Republished with permission from the Minneapolis College of Art and Design. View the original article, which has examples of more artwork.
MCAD student Jared Maire (They/Them) has a simple, yet important message: Health is not an abstract idea.
August 31 marks the first day of MCAD's Fall 2020 Semester. However, this semester will look different than years past. With Covid-19 affecting our nation, it is integral that institutions like MCAD put the health of its community members at the forefront. This includes a lot of behind-the-scenes preparation, including enhanced safety protocols that closely follow CDC guidelines and implementing safety signage throughout campus to remind folks to wash hands, physically distance, and wear a mask.
To create safety murals, MCAD enlisted the help of student designer Jared Maire whose eye-catching designs not only encourage physical health but point out the importance of mental health, especially during a global pandemic.
Can you talk a bit about yourself and your practice?
My name is Jared Maire, and I use They/Them pronouns. I’m first-generation and identify as queer. When it comes to describing my practice, I tend to feel a bit existential. But at the root of it, I would say that I’m a queer graphic designer who lives through radical anxiety. And that’s truly a positive. There’s a little chaos in my practice, but with it comes critical thinking, experimentation, and an ability to challenge myself to think beyond the box of graphic design. And there’s joy in that chaos; whether it’s through poppy vector illustrations, xerox laden collages, or working at an institutional studio.
Can you describe the work you created for this project?
Health is Not an Abstract Idea is a system of safety murals around MCAD which aims to communicate that physical, mental, and communal health can manifest in fairly simple actions. Washing your hands, wearing a mask, and listening to disco all have similar goals: to keep you safe, healthy, and feeling good. The murals, which include a Swiss-inspired balance of type and pattern, range from large vinyl installations for the more pressing communications, to smaller stickers that offer a more holistic approach to physical and mental health.
What was your inspiration and process like when designing the safety murals?
As far as the copy, I see the practice of health becoming somewhat abstracted by the many voices that have become “experts” on the internet. The things we can do to practice communal care shouldn’t be that radical. While I wanted the series to be a helpful reminder on the actions that keep our community and personal lives healthy, I also needed to remind people that there are many ways in which this can happen. While it’s extremely important to wear a mask and wash your hands, I think it’s also extremely important that you’re finding joy, reaching out to friends, and finding a mental balance that supports your creativity.
Aesthetically, I wanted the visual communication to be extremely simple to digest. Historically, I think the Swiss Style did this the best. Each mural is broken up into three sections. The title, the changing abstract pattern, and the changing action. An intro, a visual interpretation of the intro, and then a call to participation. The black and white patterns become this rather simple idea because of the balance of copy and image, even if some of the designs are complex.
Do you have a favorite piece from this design suite?
The Build Queer Spaces vinyl [below] in the skyway is probably my favorite. Not having access to spaces that are historically queer, especially during COVID, has renewed my passion for creating more space for queer and trans people to feel safe and celebrated.
Your self-care suggestions around the building are awesome—what are some ways you're caring for yourself right now?
This year has been brutal in so many ways.

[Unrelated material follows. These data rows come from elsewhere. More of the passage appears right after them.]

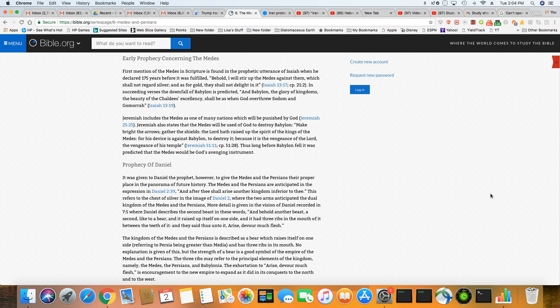So, the scriptures that you will find Babylon being destroyed by the Medes and the Persians is in Isaiah 13, Jeremiah 25, Jeremiah 51, that chapter, Daniel, the second chapter, these are all prophecies of the Persians and the Medes destroying Babylon.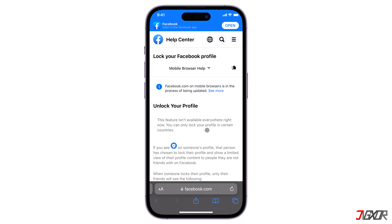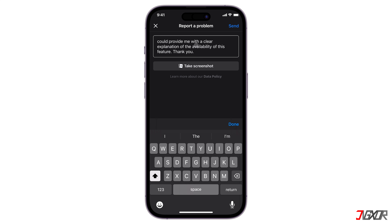If you would like a clearer explanation of this issue, it is best to contact Facebook support directly. To create a report, open Facebook and tap on the three-line menu in the toolbar below. Browse to Help and Support, choose the 'Report a Problem' option, and click the 'Report a Problem' button. Choose 'Profile' from the list of topics and provide a brief explanation or question about the Profile Lock feature that is not available on your account.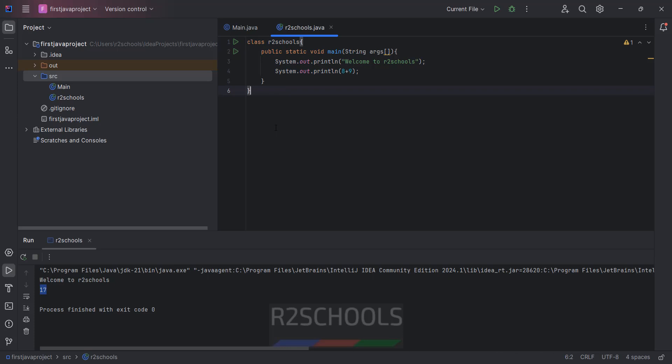So in this video we have seen how to download and install IntelliJ IDEA Community Edition on Windows 11 operating system. Then we have seen how to run the sample Java programs. For more Java videos, please subscribe my channel. Thank you.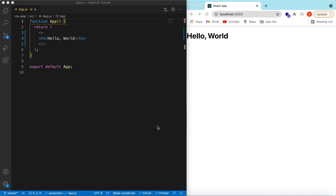Hello guys, welcome back. In this video we will explore the useState React hook to see how we can save data, update data, and render the updated data on the UI.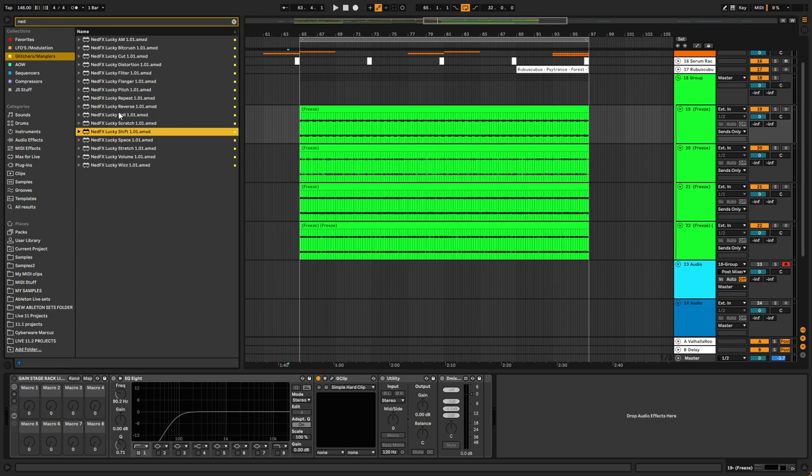I'm not at all associated with Isotonic Studios or Ned Rush. I just want to spread the word about these devices because I love them so much. And I think they might be useful for you guys that are on Ableton.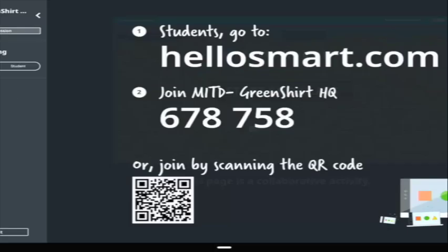To have your students join, click on the people icon on the top left-hand corner. This brings up a screen with the instructions to join. Students are going to go to hellosmart.com and use the class code provided. Your class code will be different than mine. Your students are able to log in using their student email address, or if you choose, you can let them join as a guest.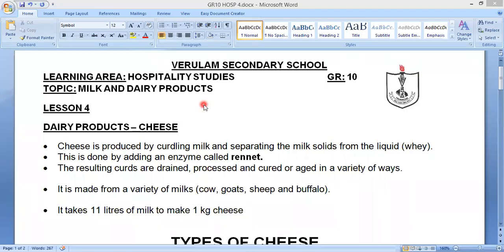Hospitality Grade 10. We are looking at resource pack one, lesson four. The topic for lesson four is milk and dairy products, and in this lesson we're focusing on the dairy product cheese. The previous lesson, lesson three, focused on milk itself and the different types of milk.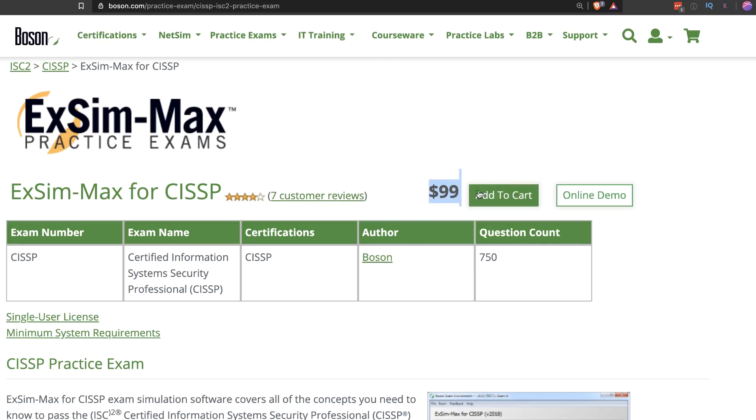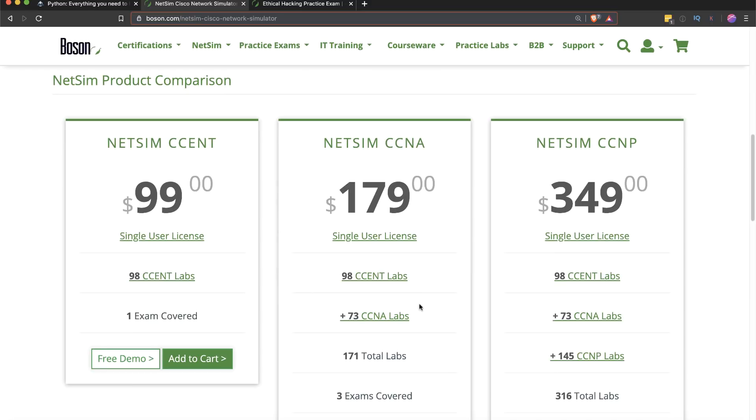For today's giveaway, I'm giving away one copy of the Boson ExSim for the CISSP exam — one person will win access to help them pass that exam. Two people will get access to the Boson NetSim software, which is fantastic for preparing for the CCNA exam and can give you the confidence to pass the simulations. One person is also going to get access to the Boson ExSim software for the CCNA exam. Use the link below to enter, and if you don't win, there's also a link below for a 25% discount on the Boson software.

I think we’ve been living through so many traumatic moments that we have not been able to fully process fast enough. COVID, continued racial injustice, and now the election! While self-care has seemed harder to obtain this year, it’s almost become more expansive of an idea to me. I’ve used media (Animal Crossing, Criterion Collection, Real Housewives of Potomac, and Drag Race) and cooking (Nasi Goreng, Tinga de Pollo, Hot Dish) as main sources of care. But I’ve also found that caring for others is a part of healing. And that balance is important. In that direction, I’ve been helping people register to vote, participating in mutual aid, and volunteering design work to local businesses who’ve been negatively impacted by COVID.
What else are you working on right now?
I organized with three other queer folks over the last three months to raise money for those impacted by the unrest that occurred after the murder of George Floyd. MNFUNDHUB worked with RuPaul’s Drag Race alumni to raise over $118,000; which we in turn donated to 55 local Black, Indigenous, and POC owned businesses, organizations, and mutual aid funds. We made our last donations this week, and I’m still so grateful for the queer community coming through so hard for folks in Minneapolis. Even though there is still so much loss happening around us, it has been really uplifting to see the community taking care of each other.

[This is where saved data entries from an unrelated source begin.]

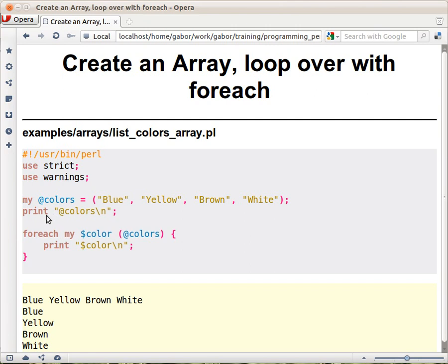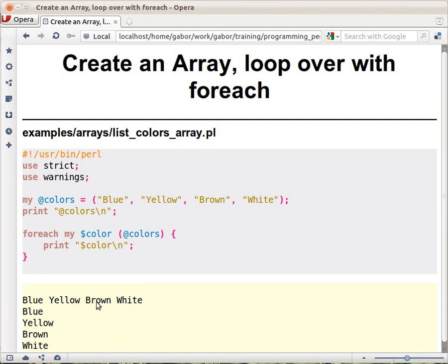You can print them out using just print, and you put in double quotes the array. So as you can see, arrays are interpolating the same way as scalars do if you put them in double quotes, and then the output will be blue space, yellow space, brown space. You get the values of the array with the spaces in between.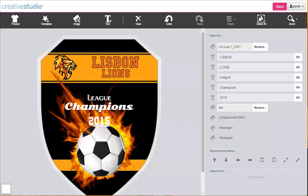Creative Studio makes it easy for creative entrepreneurs to produce great-looking designs for digital decoration using virtually any internet-connected device, including computers, tablets, and smartphones.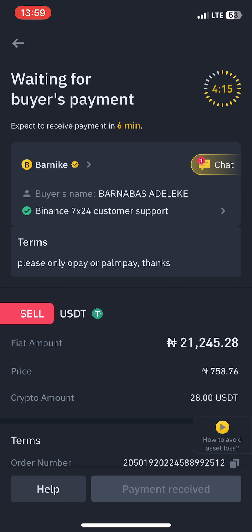If the other way around — maybe the person has sent the money to me and I refuse to release it in a buying situation — the person can also appeal. All I do is wait for the countdown, and even if the countdown is done and the person is not online, my asset comes back to me.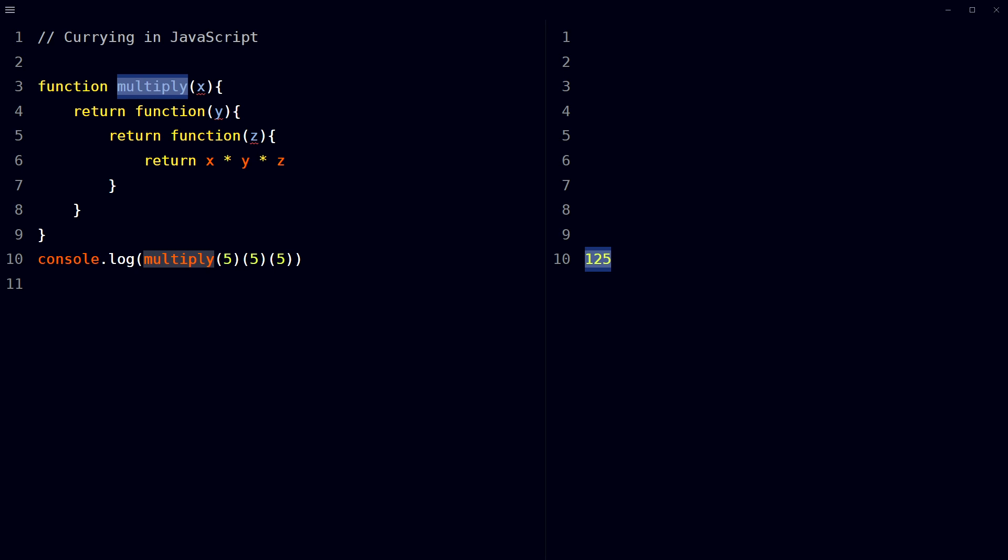Currying is also used in conjunction with Redux to create reusable functions for handling state updates. In Redux, action creators are functions that return an action object that describes an event in the application. Currying can be used to create action creator functions that can be reused with different arguments to update different parts of the state.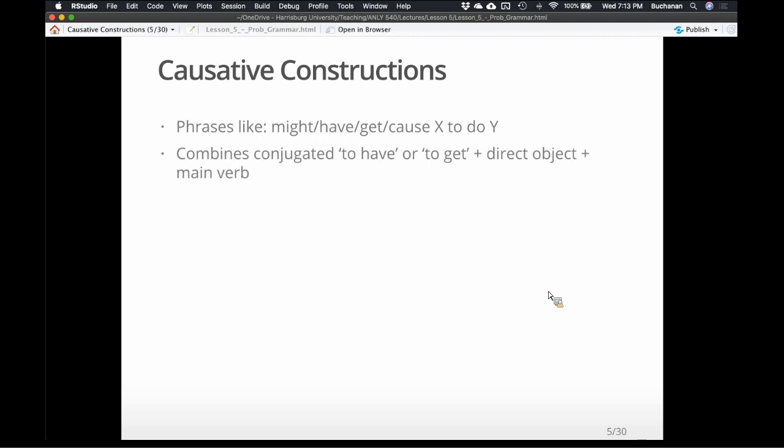They're called causative constructions because there is some actor who is causing something on an actee. These are conjugated verbs — conjugation is just the word form. They're auxiliary verbs, meaning they have to have an extra component. So 'I am going' — 'am' and 'going' are auxiliary verbs; they both have to kind of go together. You don't say 'I going to the store.'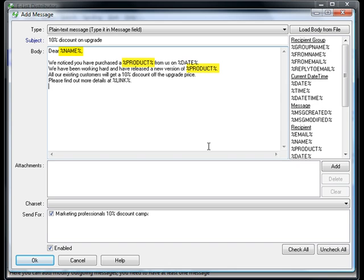You see that my message contains those macro fields we imported. Name, product, date and link are all there. This will be later substituted at the time of the sending. Click OK and we are done.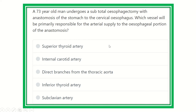Hi everyone, welcome to another video for MRCS — this is the question-solve session. Question solving is one of the best ways to prepare yourself for MRCS.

Anything else you would like to talk about that we forgot to ask?
You know, I think the only other thing I’d love to put out in the universe is to remind folks to really practice compassion at this moment. Think beyond yourselves, and really understand that change is only possible if we are open to shattering our own perceptions of what communities can look like. Let yourself be wrong, and maybe make friends with someone who doesn’t look or think like you.